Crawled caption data
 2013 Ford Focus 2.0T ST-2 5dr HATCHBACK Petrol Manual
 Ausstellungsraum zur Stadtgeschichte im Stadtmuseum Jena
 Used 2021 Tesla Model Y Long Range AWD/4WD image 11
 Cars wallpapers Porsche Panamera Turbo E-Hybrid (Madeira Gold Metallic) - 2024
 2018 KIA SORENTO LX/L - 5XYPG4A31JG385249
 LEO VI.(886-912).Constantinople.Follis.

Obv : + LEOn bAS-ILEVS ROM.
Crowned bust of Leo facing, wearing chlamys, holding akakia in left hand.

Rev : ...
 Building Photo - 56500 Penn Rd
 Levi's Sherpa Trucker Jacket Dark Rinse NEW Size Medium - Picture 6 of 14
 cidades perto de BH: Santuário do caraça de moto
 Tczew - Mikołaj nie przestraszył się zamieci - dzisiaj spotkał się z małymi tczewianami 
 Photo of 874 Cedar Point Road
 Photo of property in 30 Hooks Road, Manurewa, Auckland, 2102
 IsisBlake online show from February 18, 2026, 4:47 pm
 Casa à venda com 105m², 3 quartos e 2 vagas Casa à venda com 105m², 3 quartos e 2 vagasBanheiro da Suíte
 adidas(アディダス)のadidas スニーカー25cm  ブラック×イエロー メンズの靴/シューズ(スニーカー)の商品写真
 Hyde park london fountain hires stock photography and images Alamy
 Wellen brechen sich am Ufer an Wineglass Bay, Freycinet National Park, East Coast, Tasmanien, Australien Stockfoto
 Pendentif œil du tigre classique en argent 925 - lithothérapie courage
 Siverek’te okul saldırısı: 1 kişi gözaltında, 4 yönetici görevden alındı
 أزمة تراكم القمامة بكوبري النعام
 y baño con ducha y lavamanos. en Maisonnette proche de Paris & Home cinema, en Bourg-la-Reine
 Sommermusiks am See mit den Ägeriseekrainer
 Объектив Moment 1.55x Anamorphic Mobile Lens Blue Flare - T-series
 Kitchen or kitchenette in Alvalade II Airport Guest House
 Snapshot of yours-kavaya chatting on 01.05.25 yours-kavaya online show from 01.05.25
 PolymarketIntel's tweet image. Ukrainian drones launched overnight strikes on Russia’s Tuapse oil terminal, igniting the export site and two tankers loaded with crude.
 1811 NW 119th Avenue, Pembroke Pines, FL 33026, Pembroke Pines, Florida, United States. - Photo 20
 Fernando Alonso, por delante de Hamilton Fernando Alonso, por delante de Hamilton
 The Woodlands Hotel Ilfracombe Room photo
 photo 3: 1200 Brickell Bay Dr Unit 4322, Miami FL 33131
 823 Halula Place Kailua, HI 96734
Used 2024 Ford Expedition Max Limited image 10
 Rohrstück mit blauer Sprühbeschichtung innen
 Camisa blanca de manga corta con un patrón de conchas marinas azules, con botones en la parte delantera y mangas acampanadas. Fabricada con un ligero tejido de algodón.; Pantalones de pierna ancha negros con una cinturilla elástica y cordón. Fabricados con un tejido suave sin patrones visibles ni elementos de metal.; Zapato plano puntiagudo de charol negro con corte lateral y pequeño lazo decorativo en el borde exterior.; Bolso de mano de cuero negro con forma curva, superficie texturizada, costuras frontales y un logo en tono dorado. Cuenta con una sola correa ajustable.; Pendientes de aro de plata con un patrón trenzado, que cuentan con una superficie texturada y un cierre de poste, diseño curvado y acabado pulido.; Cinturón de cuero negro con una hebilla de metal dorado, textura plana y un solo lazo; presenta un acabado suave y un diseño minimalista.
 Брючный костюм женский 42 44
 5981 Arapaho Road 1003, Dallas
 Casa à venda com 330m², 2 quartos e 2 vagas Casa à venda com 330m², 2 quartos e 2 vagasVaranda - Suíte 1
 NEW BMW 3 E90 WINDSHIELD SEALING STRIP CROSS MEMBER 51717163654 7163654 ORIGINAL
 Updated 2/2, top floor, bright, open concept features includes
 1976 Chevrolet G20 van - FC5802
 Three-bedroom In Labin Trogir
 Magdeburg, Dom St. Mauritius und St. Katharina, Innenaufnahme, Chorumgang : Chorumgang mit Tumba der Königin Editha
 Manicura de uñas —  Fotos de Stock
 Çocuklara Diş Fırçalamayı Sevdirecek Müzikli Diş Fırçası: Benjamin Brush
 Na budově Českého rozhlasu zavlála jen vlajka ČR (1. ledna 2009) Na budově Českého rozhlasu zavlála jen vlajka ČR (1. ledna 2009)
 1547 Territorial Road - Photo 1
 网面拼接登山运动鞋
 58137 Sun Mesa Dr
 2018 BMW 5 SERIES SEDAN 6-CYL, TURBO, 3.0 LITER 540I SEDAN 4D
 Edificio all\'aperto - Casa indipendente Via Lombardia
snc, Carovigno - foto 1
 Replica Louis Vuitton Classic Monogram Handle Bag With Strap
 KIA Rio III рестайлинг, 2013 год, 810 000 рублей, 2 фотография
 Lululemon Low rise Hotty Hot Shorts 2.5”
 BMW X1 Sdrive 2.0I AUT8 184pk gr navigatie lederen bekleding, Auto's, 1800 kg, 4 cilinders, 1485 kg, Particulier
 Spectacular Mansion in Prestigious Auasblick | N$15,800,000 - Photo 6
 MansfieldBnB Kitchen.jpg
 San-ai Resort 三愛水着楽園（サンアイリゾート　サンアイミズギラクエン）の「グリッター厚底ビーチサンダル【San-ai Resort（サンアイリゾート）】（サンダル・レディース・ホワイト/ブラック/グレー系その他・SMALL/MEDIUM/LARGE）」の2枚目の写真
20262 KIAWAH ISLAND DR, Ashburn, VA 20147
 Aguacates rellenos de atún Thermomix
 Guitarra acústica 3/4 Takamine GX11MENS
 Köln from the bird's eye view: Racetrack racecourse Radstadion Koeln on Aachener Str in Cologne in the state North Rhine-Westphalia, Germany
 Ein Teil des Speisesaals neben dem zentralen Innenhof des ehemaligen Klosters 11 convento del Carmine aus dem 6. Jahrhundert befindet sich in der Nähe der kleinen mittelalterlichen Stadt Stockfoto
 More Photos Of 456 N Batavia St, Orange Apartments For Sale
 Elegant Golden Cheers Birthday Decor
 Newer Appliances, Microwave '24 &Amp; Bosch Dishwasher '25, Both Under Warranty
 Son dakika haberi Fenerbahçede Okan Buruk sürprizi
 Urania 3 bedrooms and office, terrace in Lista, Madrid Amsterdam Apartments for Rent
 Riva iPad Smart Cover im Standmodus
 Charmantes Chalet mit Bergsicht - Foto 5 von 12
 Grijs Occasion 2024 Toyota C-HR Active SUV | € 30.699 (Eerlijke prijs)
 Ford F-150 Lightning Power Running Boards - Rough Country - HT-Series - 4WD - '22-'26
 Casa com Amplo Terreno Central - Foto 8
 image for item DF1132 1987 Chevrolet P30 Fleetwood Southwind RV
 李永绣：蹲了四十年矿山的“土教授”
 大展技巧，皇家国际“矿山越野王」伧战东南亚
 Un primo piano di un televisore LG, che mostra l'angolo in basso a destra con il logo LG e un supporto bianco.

Aim of the exercise |
Give exactly, and nothing besides, the lines from the one in which "Aguacates rellenos de atún Thermomix" occurs through the end of the records.

Exercise response |
 Aguacates rellenos de atún Thermomix
 Guitarra acústica 3/4 Takamine GX11MENS
 Köln from the bird's eye view: Racetrack racecourse Radstadion Koeln on Aachener Str in Cologne in the state North Rhine-Westphalia, Germany
 Ein Teil des Speisesaals neben dem zentralen Innenhof des ehemaligen Klosters 11 convento del Carmine aus dem 6. Jahrhundert befindet sich in der Nähe der kleinen mittelalterlichen Stadt Stockfoto
 More Photos Of 456 N Batavia St, Orange Apartments For Sale
 Elegant Golden Cheers Birthday Decor
 Newer Appliances, Microwave '24 &Amp; Bosch Dishwasher '25, Both Under Warranty
 Son dakika haberi Fenerbahçede Okan Buruk sürprizi
 Urania 3 bedrooms and office, terrace in Lista, Madrid Amsterdam Apartments for Rent
 Riva iPad Smart Cover im Standmodus
 Charmantes Chalet mit Bergsicht - Foto 5 von 12
 Grijs Occasion 2024 Toyota C-HR Active SUV | € 30.699 (Eerlijke prijs)
 Ford F-150 Lightning Power Running Boards - Rough Country - HT-Series - 4WD - '22-'26
 Casa com Amplo Terreno Central - Foto 8
 image for item DF1132 1987 Chevrolet P30 Fleetwood Southwind RV
 李永绣：蹲了四十年矿山的“土教授”
 大展技巧，皇家国际“矿山越野王」伧战东南亚
 Un primo piano di un televisore LG, che mostra l'angolo in basso a destra con il logo LG e un supporto bianco.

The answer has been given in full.